Secondly, on the porous catalyst scale, in order to study the synergistic effect of chemical reaction and heat and mass transfer in porous media, a microscale simulation on porous catalyst particles is carried out. The simulation focuses on the influence of species diffusion on species distribution, temperature field, reaction rate, acetone conversion and isopropanol selectivity. The simulation results show that the micropore diameter is the determinant of diffusion coefficient, and there is a very thin transient zone around the catalyst particle, and both the species diffusion coefficient and the reaction rate gradients in this zone are very sharp. The reactions are taking place inside the catalyst particles, so the temperature is a little higher than the external flow. When the catalyst particle diameter increases, the acetone conversion and the isopropanol selectivity and yield increase. When the micropore diameter increases, the the acetone conversion and isopropanol selectivity decrease, and the isopropanol yield increases firstly and then decreases. According to the simulation results, the recommended values of catalyst particle and micropore are suggested in this dissertation.

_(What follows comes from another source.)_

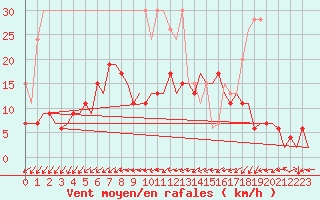 Courbe de la force du vent pour Grenchen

Then on the reactor scale the transfer and reaction performance of reactor is simulated to study the influence of catalyst particle diameter, catalyst thermal conductivity, reactor diameter and space velocity on the gas-solid temperature difference and the reaction by using the non-heat-balance porous media model. According to the simulation results, the gas-solid temperature difference is too little to affect the reaction. A larger catalyst thermal conductivity can enhance the heat transfer capability of the reactor remarkably and reduce its temperature obviously, and a larger reactor diameter will increase the reactor temperature. A larger space velocity will decrease both the acetone conversion and isopropanol selectivity, but can increase the isopropanol yield, so a larger space velocity is beneficial to the system efficiency. Based on the simulation, the best reaction temperature and hydrogen-acetone mole ratio are optimized via theoretical design calculation by analyzing their influences on reaction energy quality, reaction heat amount, acetone conversion and pressure drop. In order to solve the problems of large pressure loss and low heat transfer capability in randomly packed bed reactor, this thesis proposes a structured packed bed reactor and makes3D simulation on the reactor, and the simulation results indicate that this structured packed method can reduce the pressure loss effectively and has a better heat transfer capability.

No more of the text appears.